I wasn't basing it on lobbying politicians (the lunch with a Senator thing is a nice side option, but probably #58 down the list of priorities for the H2Q move).
Far higher priority is the access to the medical/tech/biotech/space agencies. As I clearly wrote in my post: "More likely, they will be able to limo over to NIH, the FDA, Goddard Space , National Institute of Standards and Technology, the FCC, the US Patent and Trademark Office, Dept of Commerce, etc. a lot quicker also." By the way, there is a lot of tech talent at those agencies.
Respectfully, you seem to have this backward. Defense contractors actually need to convince federal employees to give them money and often collaborate with them on a monthly, weekly, or daily basis.

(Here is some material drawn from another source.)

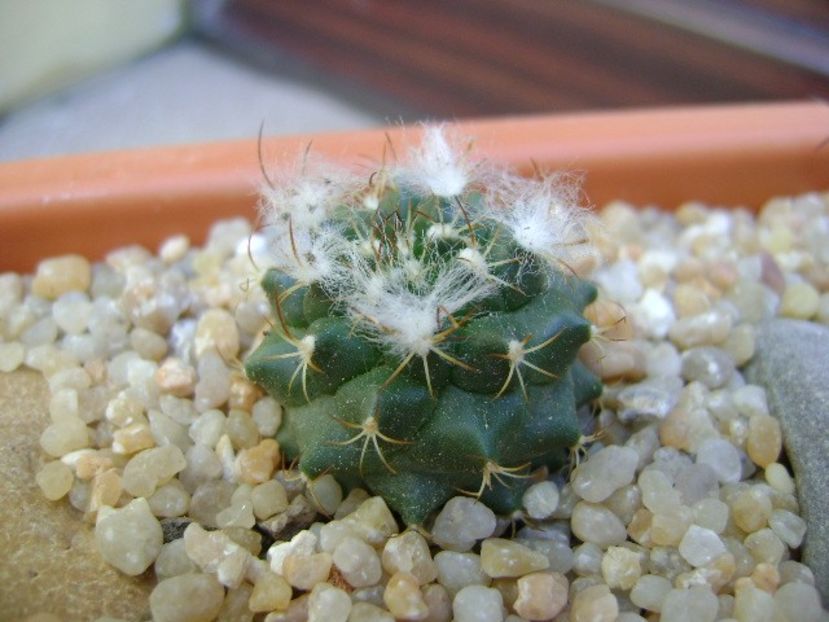 Turbinicarpus laui - Cactusi 2019 bis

No fluff about influencing policy, I'm talking about a primary source of revenue for their primary business model. In my company (not a defense prime) something like 90% of our revenue is from federal contracts and we don't have anything more than satellite offices in the DC area. We fly to DC a lot though.
In contrast, none of those agencies you list are, to my knowledge at least, funding sources for Amazon. Amazon doesn't have thousands of employees interacting with, collaborating with, and trying to get money from federal agencies. How many Amazonians a day are even on the phone with DC, let alone on a plane going there? This is a non-issue.
And finally, if "proximity to federal employees" is priority #7 in this decision, then it will not factor in at all. That isn't how businesses make decisions (sadly I've had 6-sigma training and I know more MBAs than I would like). It is inconceivable that DC would be in a dead heat with another city (e.g. Philly) on priorities #1-6 and finally the #7 tie breaker kicks in.